AI/TLDR

Coqui TTS

Open-source text-to-speech with multilingual voice cloning

Overview

Coqui TTS is a Python library for generating speech from text. It ships a collection of pretrained models, including XTTS v2, an end-to-end model that clones a voice from a short audio clip and speaks in 16 languages. You can run it from a Python script or the command line.

It is aimed at developers and researchers who want to add speech synthesis to their own projects, or who need to train and fine-tune their own voice models. Alongside inference, it includes tools for model training, dataset analysis, and dataset curation.

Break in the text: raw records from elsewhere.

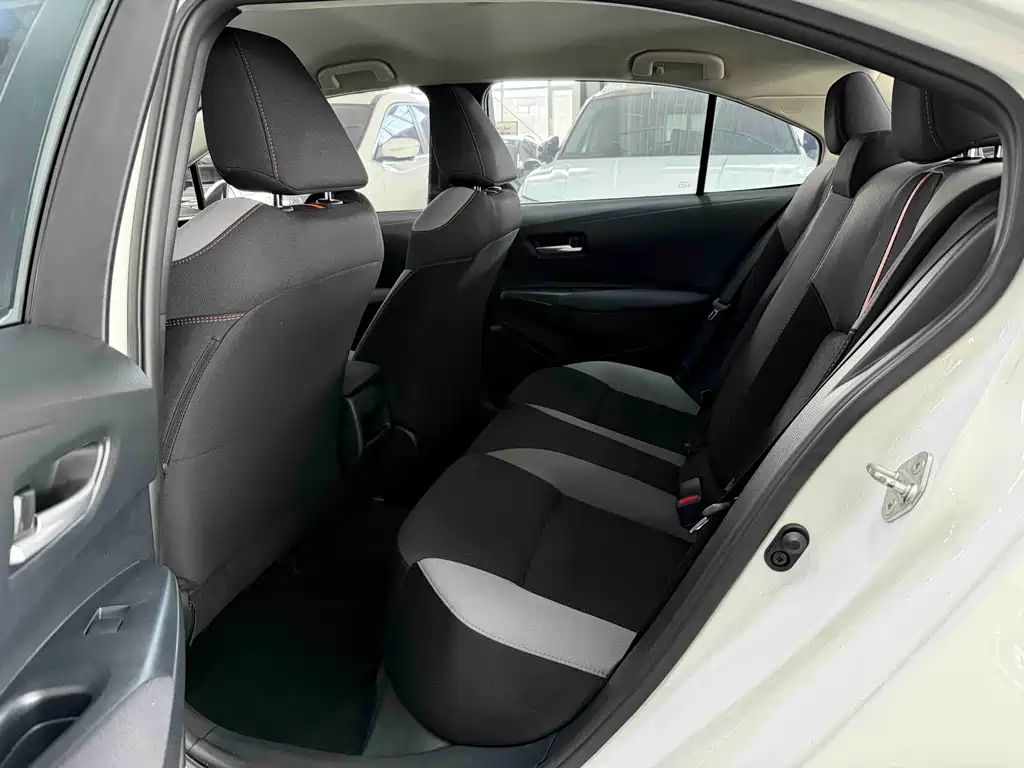 Toyota Corolla 2023 — фото 15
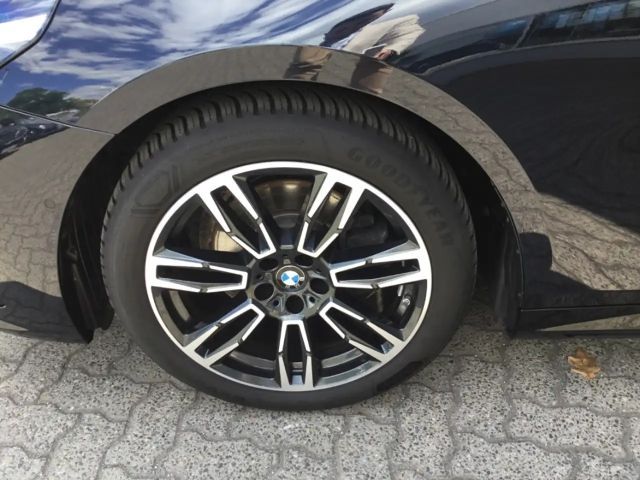 BMW 520 520d M-Sport Touring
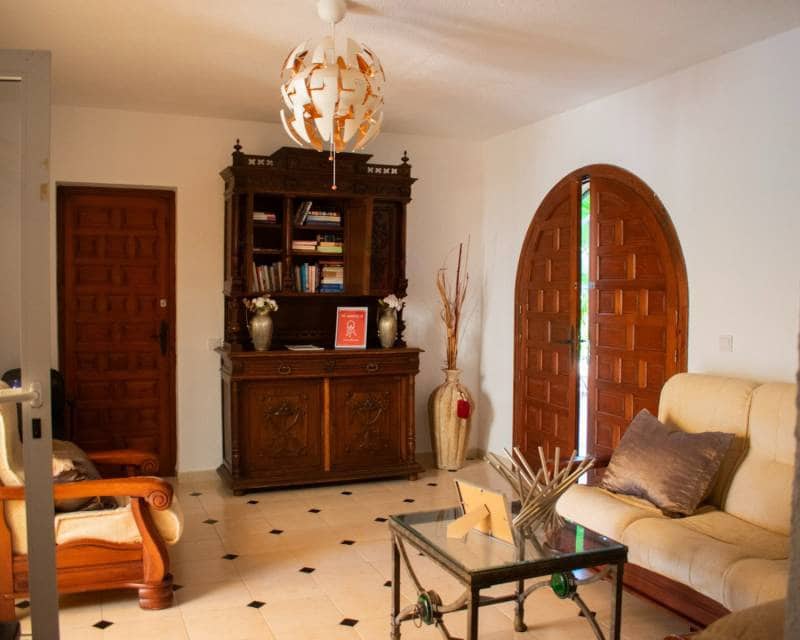 7 soveværelse Villa til salg i Torrevieja med swimmingpool - € 1.090.000 (Ref: 9363482)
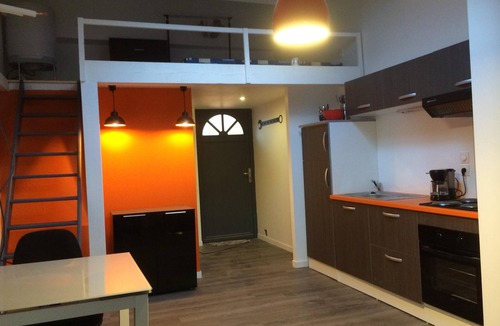 Bourg-les-Valence Apartment | Apartment-Comfort-Private Bathroom-A7-Rez de chaussée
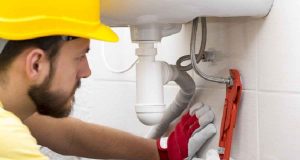 Things to Think About Before Calling an Emergency Plumber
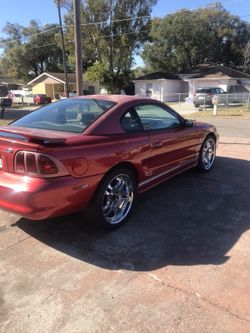 Vendo un Ford Mustang del 1998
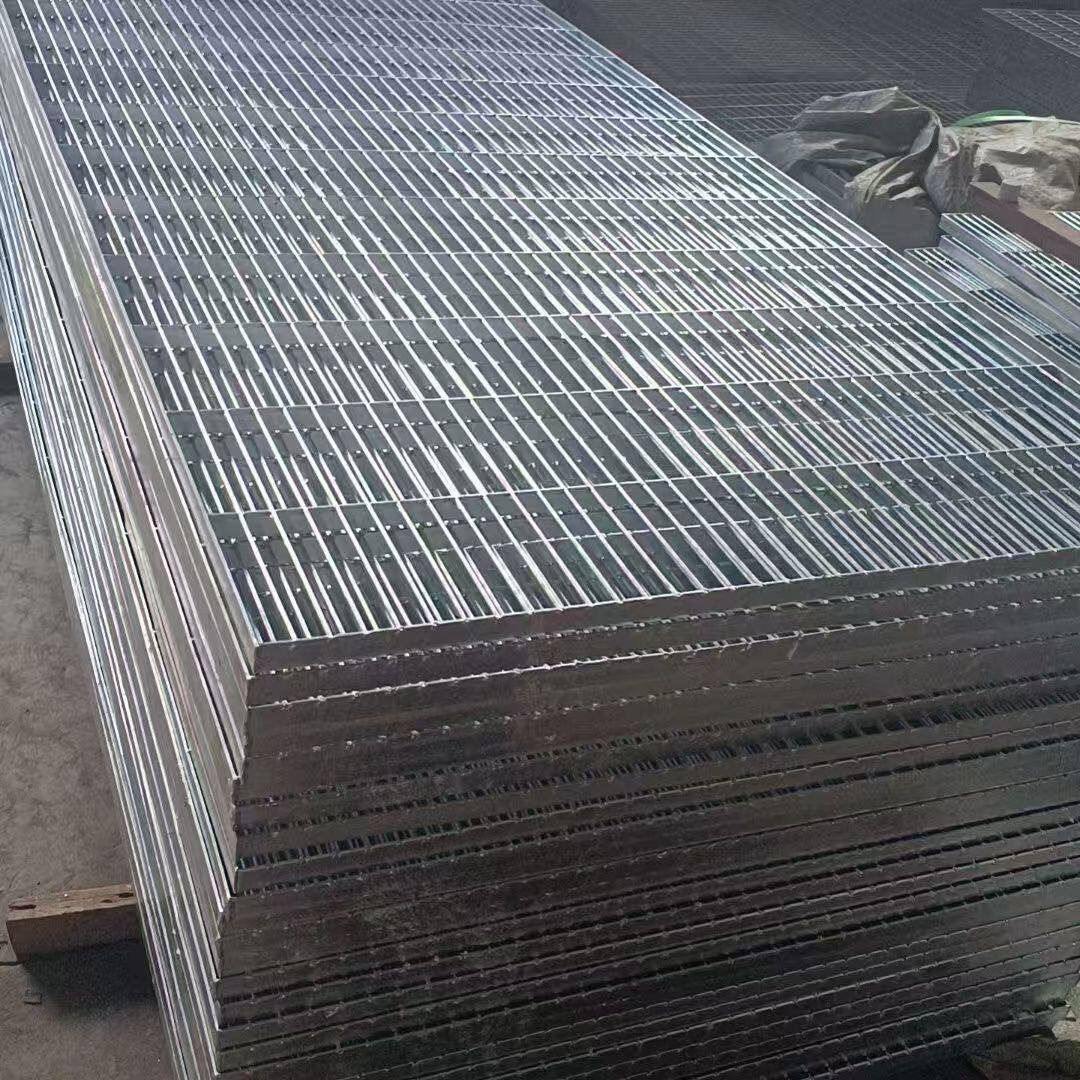 热镀锌鸽舍地网信鸽赛鸽公棚地网养殖扁铁地网长孔网格钢格栅板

Within the speech and audio space, it sits among local, self-hosted TTS options. You download the models and run them on your own machine (CPU or GPU), so audio never has to leave your environment.

What it does

  • Pretrained text-to-speech models covering a large range of languages, downloadable and runnable locally
  • XTTS v2 end-to-end model for voice cloning from a short reference clip, with streaming support at under 200ms latency
  • Many model families included: Tacotron/Tacotron2, Glow-TTS, VITS, YourTTS, plus Tortoise and Bark for inference
  • Python API and a `tts` command-line tool for synthesis
  • Training and fine-tuning support through a Trainer API, with terminal and TensorBoard logs
  • Utilities for multi-speaker TTS, speaker embeddings, and dataset curation

Getting started

Install the package from PyPI, then synthesize speech from Python or the command line.

Install Coqui TTS

Install the library with pip. A GPU is optional but speeds up the larger models.

bashbash
pip install TTS

Clone a voice with XTTS v2 in Python

Load the multilingual XTTS v2 model, pass a short reference clip to clone, and write the result to a WAV file.

pythonpython
import torch
from TTS.api import TTS

device = "cuda" if torch.cuda.is_available() else "cpu"
tts = TTS("tts_models/multilingual/multi-dataset/xtts_v2").to(device)
tts.tts_to_file(text="Hello world!", speaker_wav="my/cloning/audio.wav", language="en", file_path="output.wav")

Synthesize from the command line

List the available models, then generate speech with the default model and write it to a file.

bashbash
tts --list_models
tts --text "Text for TTS" --out_path output/path/speech.wav

Commands and code are distilled from the project's own documentation — always check the official repo for the latest.

When to use it

  • Clone a voice from a short clip and have it read text aloud in another language
  • Add offline, self-hosted text-to-speech to an app so audio stays on your own machine
  • Fine-tune or train a custom voice model on your own dataset
  • Generate voiceovers or narration for videos, demos, and accessibility tooling

How Coqui TTS compares

Coqui TTS alongside other open-source audio, music & voice tools AI/TLDR tracks, ranked by GitHub stars.

ToolStarsWhat it does
Whisper★ 103kOpenAI's speech recognition model that transcribes and translates audio across many languages.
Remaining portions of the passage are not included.